New research to target match-fixing in professional football kicks off in the New Year

A new initiative to target match-fixing in professional football kicks off in the New Year with research input from Birkbeck.

Footballers in eight countries across Europe will be interviewed about rigging games as part of the project to develop education programmes and an online reporting tool to stem the illegal practice of match-fixing. FIFPro – the world professional footballers’ union – is the leading partner in the drive called ‘Don’t Fix It!’ UEFA – European football’s governing body – is also involved in the £240,000 (300,000 Euros) project.

Understanding match-fixing

Carried out under the auspices of the Birkbeck Sport Business Centre (BSBC), the research phase of the 18-month initiative will be led by Dr Andy Harvey, of Birkbeck’s Department of Psychosocial Studies, with input from Sean Hamil, Co-Director of BSBC. Dr Harvey will be talking to players and players’ associations in England, Finland, Greece, Italy, Norway, Romania, Scotland and Slovenia. He will investigate the factors that invite match-fixing, including gambling, criminal activities, intimidation and low wages.

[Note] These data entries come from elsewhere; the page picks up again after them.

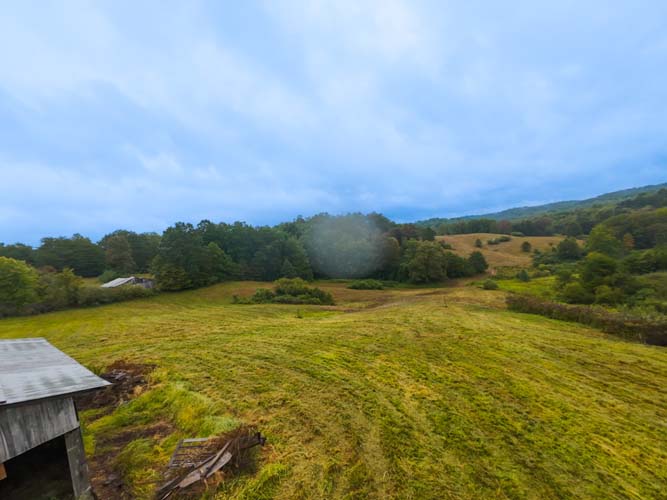 Wide open field for recreation, livestock, or building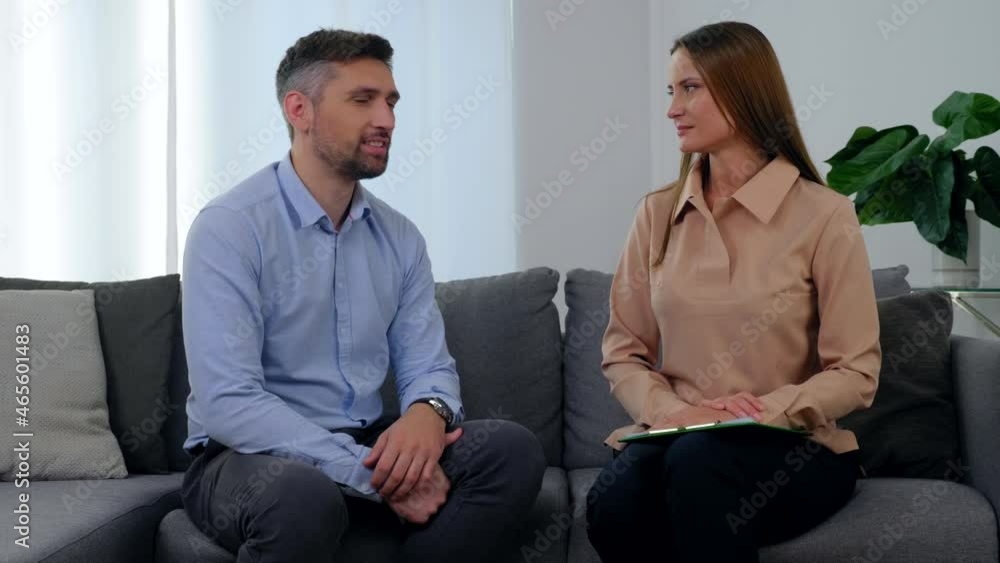 Woman psychologist and man patient sitting on couch talking and turn to camera with smile after having passed positive psychotherapy session in clinic office. Mental health problems after covid-19 Woman psychologist and man patient sitting on couch talking and turn to camera with smile after having passed positive psychotherapy session in clinic office. Mental health problems after covid-19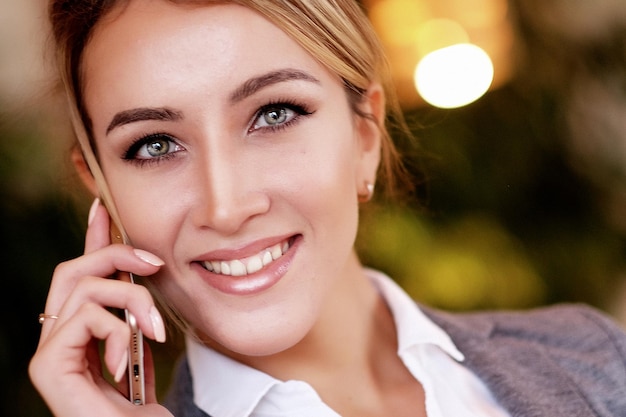 Comunicación tecnológica y concepto de personas mujer joven feliz llamando a un teléfono inteligente en la oficina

Dr Harvey said: “We are trying to get to grips with the factors that drive match-fixing. From the case studies we will find out what practices take place. No-one goes into football thinking that they are going to fix matches, but it sometimes happens because of threats, social, financial and psychological factors. Gambling is seen as a big driver of match-fixing.”

Education and Code of Conduct

The research will inform education programmes carried out in each of the eight countries to raise awareness of match-fixing among players and officials. Confidential online reporting tools will also be developed to enable players, officials and administrators to report suspicions of match-fixing anonymously.

FIFPro and UEFA will agree a Code of Conduct against match-fixing, and the final results of the project will be shared at an international conference in Slovenia in June 2014.

Dr Harvey added: “Match-fixing strikes at the heart of the integrity of the game, and the authorities are taking it very seriously. This research is going to be very practical and will lead to education and guidance to help tackle the problem.”

The Sport Unit – part of the European Commission’s Education and Culture Directorate-General – is funding ‘Don’t Fix It!’ The Birkbeck research element of the project is worth £19,000 (24,000 Euros).